Project management tools like Jira, Asana, and Linear all share the same core data model: workspaces contain projects, projects contain tasks, and tasks move through a workflow while being assigned, labelled, discussed, and tracked. Getting that model right is what separates a tool that scales to thousands of tasks from one that buckles under its own joins.

In this post we'll design the full schema for that kind of tool in PostgreSQL — with real support for sprints, subtasks, multi-assignee tasks, per-workspace labels, comment threads, file attachments, and a complete activity history.

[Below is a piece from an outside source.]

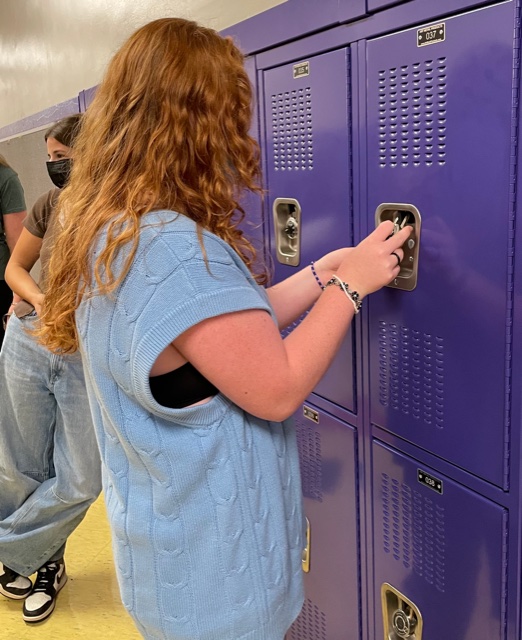 Joey Dull, class of 2022, accesses her locker to obtain her laptop. Over the summer, the RHS staff placed the MacBooks in lockers for us to receive when we arrive at the school. However, some students--especially those new to our district--- had some initial trouble actually getting their tech up and running.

Entities and Relationships

The system is built around twelve tables:

  • workspaces — the top-level tenant boundary
  • users — individual accounts
  • workspace_members — users joined to a workspace with a role
  • projects — belong to a workspace
  • sprints — time-boxed iterations within a project
  • tasks — the core unit of work
  • task_assignees — many-to-many between tasks and users
  • labels — workspace-scoped tags
  • task_labels — many-to-many between tasks and labels
  • comments — threaded discussion on a task
  • attachments — files uploaded to a task
  • activity_log — audit trail of everything that happened to a task

Key relationships:

  • A workspace has many projects, members, and labels
  • A project has many sprints and many tasks
  • A task optionally belongs to one sprint and optionally has a parent task (for subtasks)
  • A task can have many assignees, many labels, many comments, and many attachments
  • A user creates tasks, is assigned to tasks, and leaves comments
  • Every meaningful state change on a task writes a row to activity_log

Key Tables

workspaces

  • id (UUID, PK)
  • name (VARCHAR, NOT NULL)
  • slug (VARCHAR, UNIQUE, NOT NULL) — URL-friendly identifier
  • owner_id (UUID, NOT NULL) — the user who created the workspace
  • description (TEXT)
  • created_at (TIMESTAMPTZ, NOT NULL)

workspace_members

  • workspace_id (UUID, FK, PK part)
  • user_id (UUID, FK, PK part)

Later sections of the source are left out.